Wednesday, August 27, 2008

The Fourth Bear

By Jasper Fforde

Jack Spratt, who eats no fat, is a detective and in charge of the Nursery Crime Division in Berkshire, a community filled with escapees from fiction and especially from nursery rhymes. Spratt is in trouble with his superiors due to a couple of flawed investigations (he, Red Ridinghood & her granny were all eaten by the big, bad wolf, which isn't as fatal as it sounds) and he is put on leave. Meanwhile a homicidal goodie, the Gingerbreadman, has escaped from the mental hospital and is on a murderous spree. Spratt, operating without official sanction, is investigating the death of Goldilocks and incidentally becomes involved with the Gingerbreadman case and the exploding cucumber gardeners case. These cases also tie in with the smuggling of the forbidden foodstuffs (porridge, honey, marmalade and buns) to the local talking bear population. Somehow, with the help of his colleagues, Mary Mary and Ashley, an ET type alien, Spratt will tie it all together and save his job in the process.
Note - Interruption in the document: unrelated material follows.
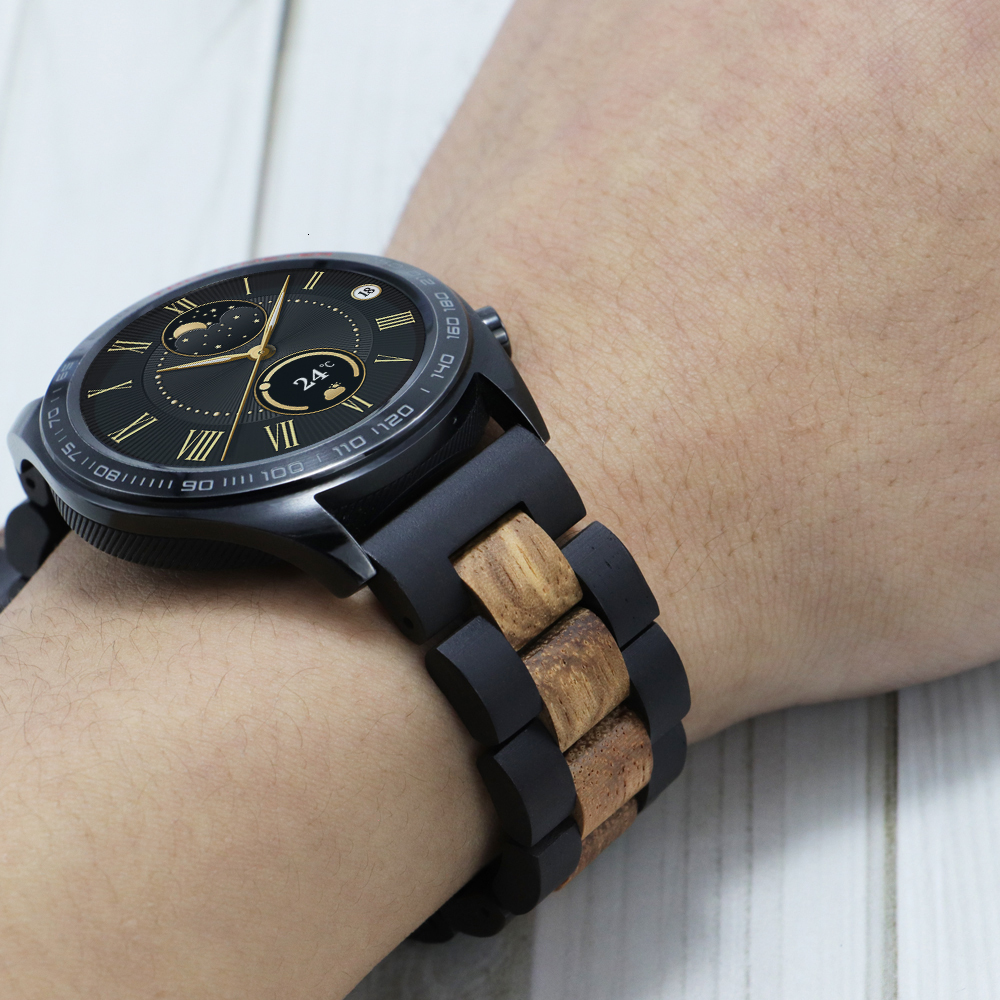 Watch Bands 20mm 22mm Wood Watch Band for Galaxy Wathc 3 Gear S3 46mm 42mm Active 2 Steel Strap Replacement Bracelet for Huawei Watch GT 3 2 230411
If you are going to read Fforde's fiction, you have to be willing to suspend your disbelief. If you can, you will probably enjoy this novel. I somewhat enjoyed it, when it wasn't irritating me. I didn't like the way the characters know and comment on the fact they are in a novel. I didn't care for the way bears are portrayed. I found the idea that bears get high on porridge and the other controlled foodstuffs just plain stupid. Many of the jokes in this novel are lame puns, as the writer himself admits. Still, as a detective novel, it was pretty good, except I would like to point out that if cake is immersed in water it also falls apart, which means that the whole cookie vs cake thing is still open to question.

For another review of The Fourth Bear, see USA Today.

New Word
Nobbblers: To nobble is to filch or steal. "Prong's champion might have grown even larger were it not for the attentions of a gang of murderous cucumber nobblers who destroyed the cucumber two days after the record was officially set, an attack that tragically cost Prong his life."